=== Data provided ===
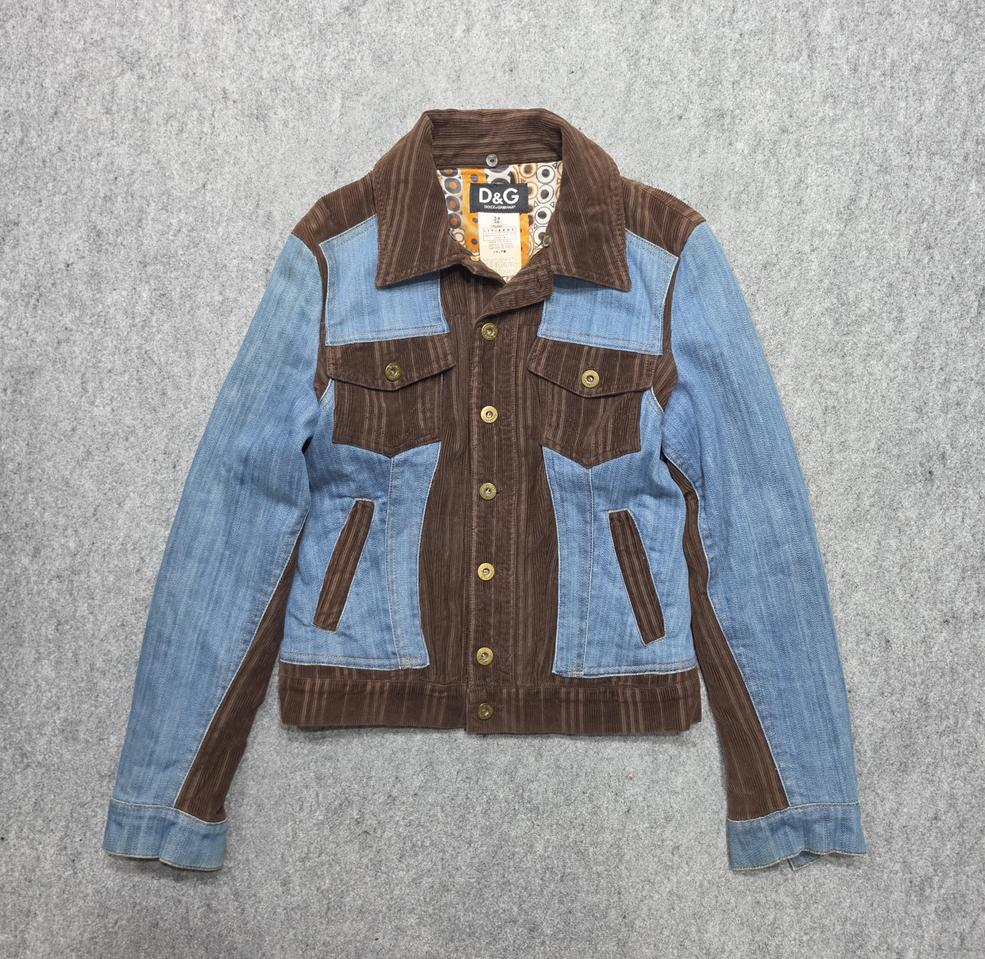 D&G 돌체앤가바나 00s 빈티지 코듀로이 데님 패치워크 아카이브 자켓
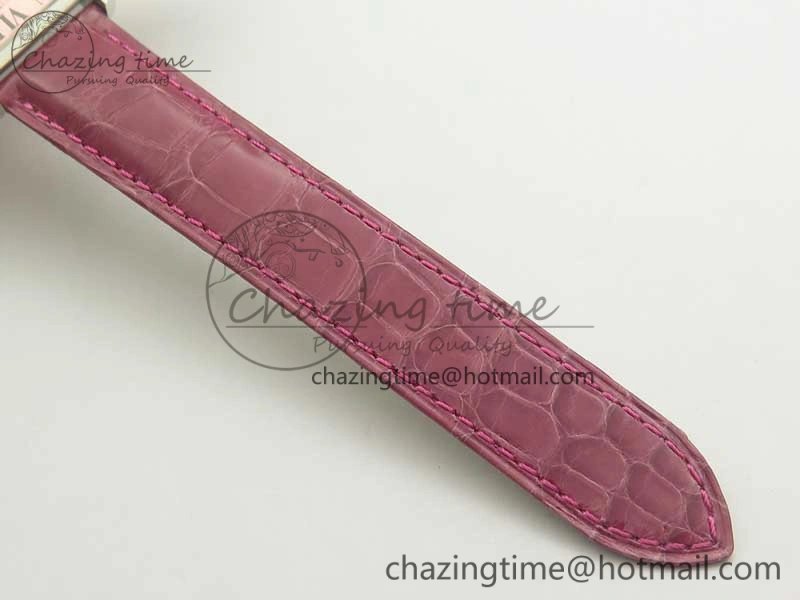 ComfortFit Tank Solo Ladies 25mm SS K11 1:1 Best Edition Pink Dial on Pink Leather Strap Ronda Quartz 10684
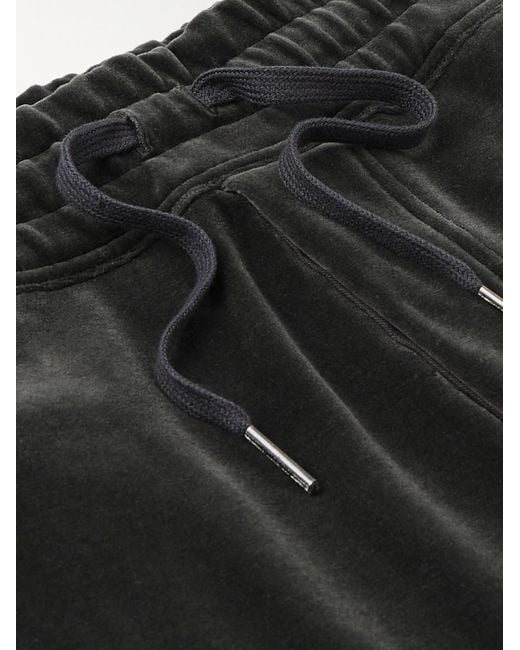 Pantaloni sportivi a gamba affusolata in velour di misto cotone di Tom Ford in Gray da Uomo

=== Exercise ===
Copy the data word for word and omit every picture.

=== Exercise result ===
 D&G 돌체앤가바나 00s 빈티지 코듀로이 데님 패치워크 아카이브 자켓
 ComfortFit Tank Solo Ladies 25mm SS K11 1:1 Best Edition Pink Dial on Pink Leather Strap Ronda Quartz 10684
 Pantaloni sportivi a gamba affusolata in velour di misto cotone di Tom Ford in Gray da Uomo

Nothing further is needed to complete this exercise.